El arzobispo le puso cara rara a Beocca.

—Sois un embajador muy rarito —le dijo.

—¿Rarito, señor?

—Ni siquiera podéis mirar recto. Mal debe de estar Alfredo de hombres para enviar una cosa tan fea como vos. En Bebbanburg también tenían un cura bizco. Hace años. En los días del viejo señor Uhtred.
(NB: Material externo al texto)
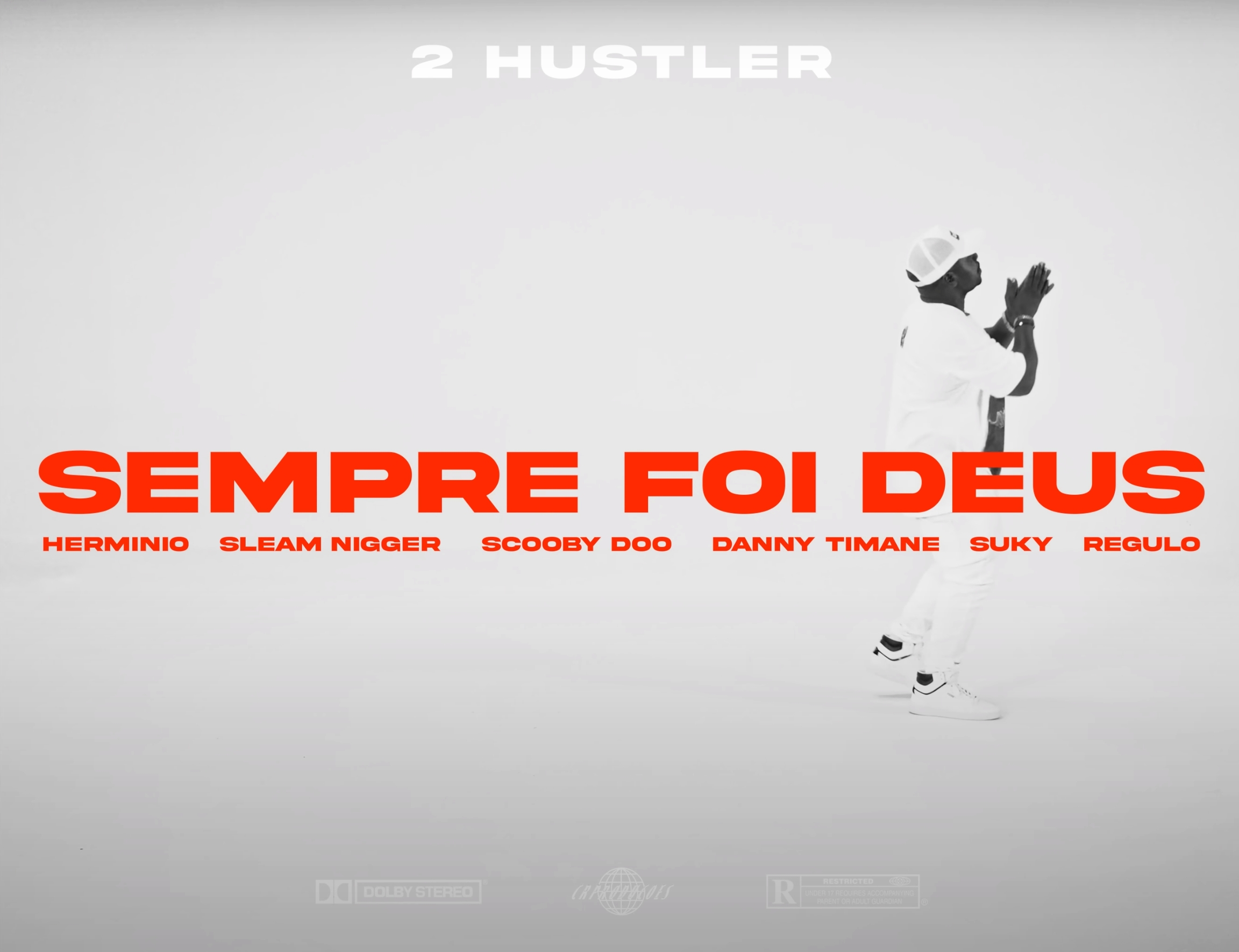 2 Hustler - Sempre Foi Deus (feat. Sleam Nigger, Scooby Doo, Focus Man, Regulo Brown Skin, Herminio & Suky)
—Era yo —contestó Beocca animado.

—No seáis absurdo, claro que no erais vos. El tipo del que estoy hablando era joven y pelirrojo. ¡Saca todas las sillas, tonto del culo! —se dirigió a un sirviente—, las seis. Y tráeme más pan —Wulfhere planeaba escapar antes de que la guerra empezara entre Guthred y los daneses, y su patio estaba lleno de carros, bueyes y caballos de tiro, porque estaban empaquetando los tesoros de su gran iglesia, para poder ser llevados a un lugar seguro—. El rey Guthred se ha llevado a san Cutberto —dijo el arzobispo— porque ése es el precio de Ælfric. Quiere el cadáver y el útero. Sólo espero que recuerde cuál se tiene que beneficiar.

Mi tío, comprendí, estaba haciendo su apuesta de poder. Guthred era débil, pero poseía el gran tesoro del cadáver de Cutberto, y si Ælfric entraba en posesión del santo se convertiría en el guardián de todos los cristianos de Northumbria. También haría una pequeña fortuna con los peniques de los peregrinos.
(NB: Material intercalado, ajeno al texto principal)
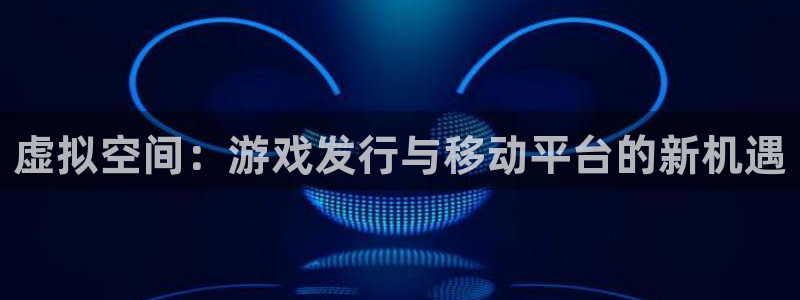 db电竞官网登录注册不了：虚拟空间：游戏发行与移动平台的新机遇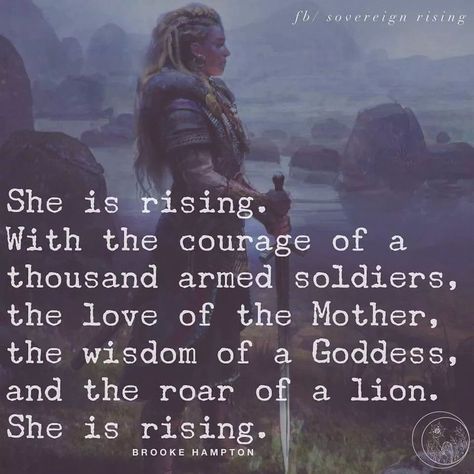 She is rising. With the courage of a thousand armed soldiers, the love of the Mother, the wisdom of a Goddess, and the roar of a lion. She is rising. BROOKE HAMPTON Warrior Quotes, Badass Quotes, New Energy, Life Coaching, A Quote, Woman Quotes, Great Quotes, Wisdom Quotes, Inspirational Words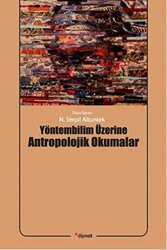 Yöntembilim Üzerine Antropolojik Okumalar - 1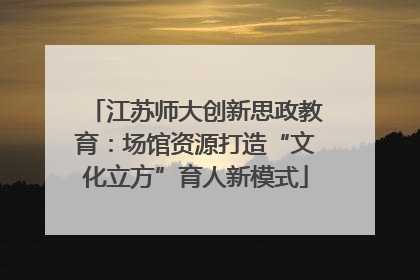 江苏师大创新思政教育：场馆资源打造“文化立方”育人新模式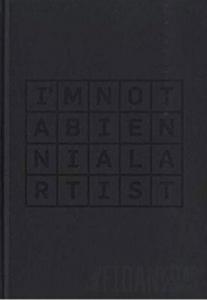 Ben Bienal Sanatçısı Değilim (Ciltli)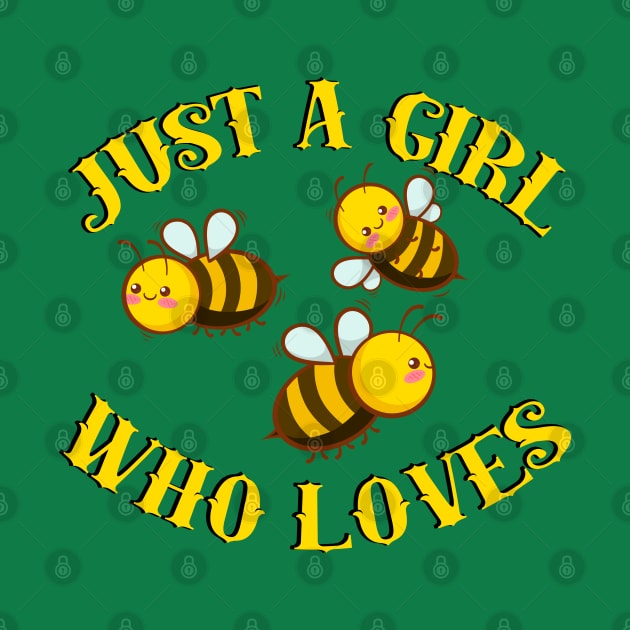 Just A Girl Who Loves Honey Bees by GirlLoveDesigns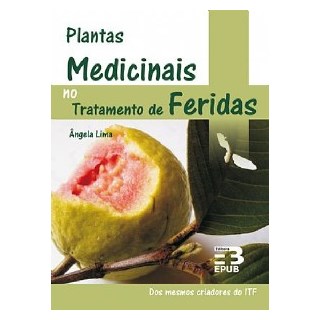 Livro - Plantas Medicinais no Tratamento de Feridas - Lima***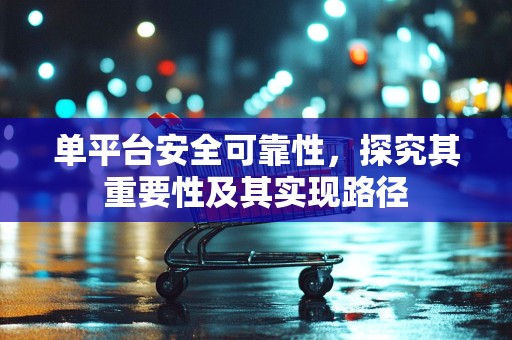 单平台安全可靠性，探究其重要性及其实现路径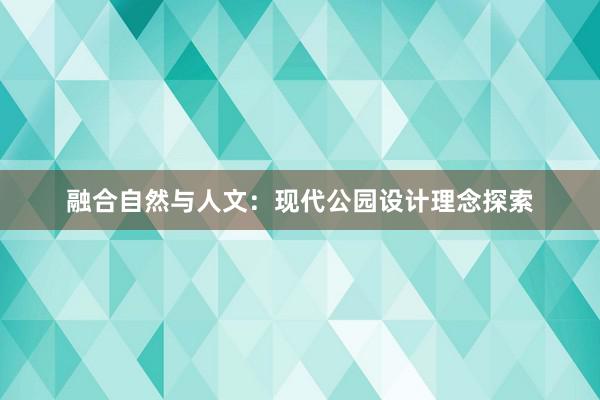 融合自然与人文：现代公园设计理念探索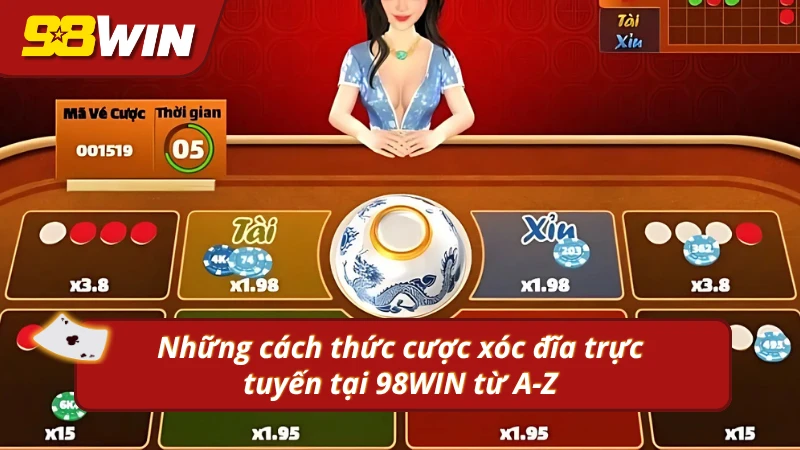 Những cách thức cược xóc đĩa trực tuyến tại 98WIN từ A-Z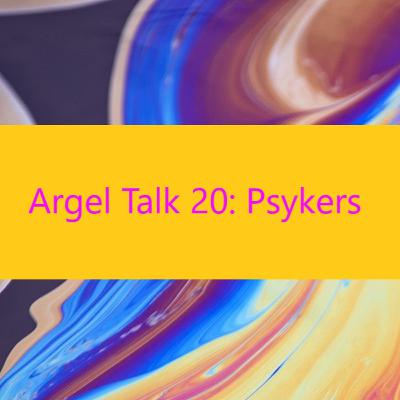 Argel Talk Podcast Episode 20: The Long Slumber, and Psykers Too I Guess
—Lo que está haciendo —dije— es reconstruir Bernicia. Se llamará rey no dentro de mucho.

Wulfhere me miró como si no fuera completamente imbécil.

—Tenéis razón —dijo—, y sus doscientos lanceros se quedarán con Guthred un mes, eso es todo. Después regresarán a casa y los daneses harán a Guthred a la brasa. ¡Le avisé! Le dije que un santo muerto valía más que doscientos lanceros, pero estaba desesperado. Y si queréis verle, mejor es que os dirijáis al norte —Wulfhere nos había recibido porque éramos los embajadores de Alfredo, pero ni nos había ofrecido comida ni cobijo, y era evidente que quería vernos las espaldas tan pronto como fuera posible—. Id al norte —repitió—, y puede que encontréis a ese tontorrón aún vivo.
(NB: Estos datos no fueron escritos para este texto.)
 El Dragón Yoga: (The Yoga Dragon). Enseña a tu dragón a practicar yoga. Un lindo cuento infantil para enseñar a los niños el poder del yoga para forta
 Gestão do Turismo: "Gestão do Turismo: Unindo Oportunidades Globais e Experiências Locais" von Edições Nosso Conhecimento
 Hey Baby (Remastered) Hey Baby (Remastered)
Regresamos a la taberna donde nos esperaban Steapa y Brida y me cagué en las hilanderas que me habían permitido llegar tan cerca y luego me lo negaban todo. Gisela se había marchado hacía cuatro días, tiempo de sobra para llegar a Bebbanburg, y la desesperada oferta de su hermano por el apoyo de Ælfric había incitado probablemente a los daneses a la revuelta. No que me importara la ira de los daneses. Sólo pensaba en Gisela.

—Tenemos que ir al norte —dijo Beocca—, y encontrar al rey.

—En el momento en que piséis Bebbanburg —le dije—, Ælfric os matará —Beocca, cuando se marchó de Bebbanburg, se llevó consigo los pergaminos que demostraban que yo era su auténtico señor. Ælfric lo sabía y se lo había tomado muy mal.